Under the majority opinion the insurance carrier, appellee, is not required to pay any sum of money to anyone.

*220From this holding, I respectfully dissent.

I believe a judgment in favor of the Second Injury Fund sustainable upon three separate grounds: (1) the undisputed circumstances are sufficient to establish as a matter of law the nonexistence of surviving legal beneficiaries, (2) it was incumbent upon the carrier to establish the nonexistence of surviving legal beneficiaries, (3) the statutes involved are subject to the construction that the insurance carrier’s obligation to pay the stated sum to the Second Injury Fund accrues upon the failure of any legal beneficiary to file claim for benefits within a reasonable time from the death of the employee, the record here showing, as a matter of law, the expiration of such period.

Most of the facts are stated in the majority opinion and they will not be repeated here. Briefly they show that diligent but unsuccessful inquiry was made to ascertain the identity of the deceased employee.

To be noted also is the fact that no claim for benefits was filed with the Board for more than two years after the death of the employee, whereas the statute requires such claim to be filed within six months after such death, but for good cause this requirement may be waived by the Board. Art. 8307, Sec. 4a, V.A.C.S.

The beneficiaries named in the statute (Art. 8306, Sec. 8a, V.A.C.S.) are the husband or wife, the minor children, parents and stepmother, dependent grandparents, dependent children and dependent brothers and sisters of the deceased employee.

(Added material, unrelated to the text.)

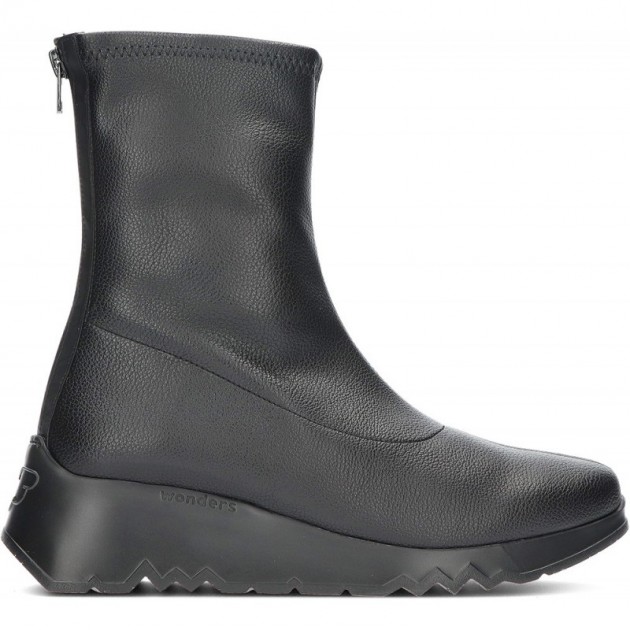 MERAVIGLIE STIVALI TAZU E-6732 CAMELUS NEGRO MERAVIGLIE STIVALI TAZU E-6732 CAMELUS NEGRO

Human emotions and nature are such that, in my opinion, the failure for more than two years of any of those persons named in the statute to come forward and establish the identity of the deceased and their relation to him is proof that they do not exist. This proof and the intensity of the effort made to learn the identity of the deceased employee being all the evidence and being free from suspicion its acceptance by the Trial Court was required.1

In Sec. 43, p. 38, Vol. I, Texas Law of Evidence, 2d Ed., by McCormick and Ray, entitled: Test for Determining Location of Burden of Persuasion, the authors pose these questions:

“Since the court conducts no independent investigation, it must apportion between the parties the burden of persuasion. How is this done? What considerations influence the court in making this distribution ? Is there any one general test for all cases ?”

After some discussion the answer given is:

“In answer to the questions propounded above it is at once apparent that no one universal solvent has been found for all cases. This is just as well, for none is necessary. The real determination in each case should rest upon broad considerations of fairness, convenience, and policy, based upon experience in the varying situations. And this is undoubtedly the underlying basis of the decisions in most cases, although it is seldom mentioned in the opinions.”

Consideration of fairness and public policy compel the conclusion here that the insurance carrier who has voluntarily undertaken for compensation to unconditionally pay one of two sums of money upon the death of an employee killed while engaged in the scope of his employment should be charged with the duty of establishing facts to justify the Board in making an award for the lesser amount.

It has been held that the burden of persuasion as to many defensive matters is laid upon the defendant. Sec. 43, McCormick and Ray, supra. For instance the *221authors there state “In negligence actions, sound policy, convenience of proof, and fairness have each been partly responsible for the rule requiring defendant to prove contributory negligence.”

“Sound policy” requires an insurance carrier to honor its obligations. “Fairness” requires an insurance carrier to establish facts necessary to lessen its liability. “Convenience of proof” is identical to both parties in proving that there are no legal beneficiaries.

The third ground of recovery is based upon the familiar principle that when the time for performance of a required act is not specified, that performance should occur within a reasonable time.

I would render judgment against appel-lee.

. Compare the quantum of proof necessary to establish death at common law and under our statute, Art. 5541, V.A. C.S. See. 83, McCormick and Ray, Texas Law of Evidence, 2nd Ed.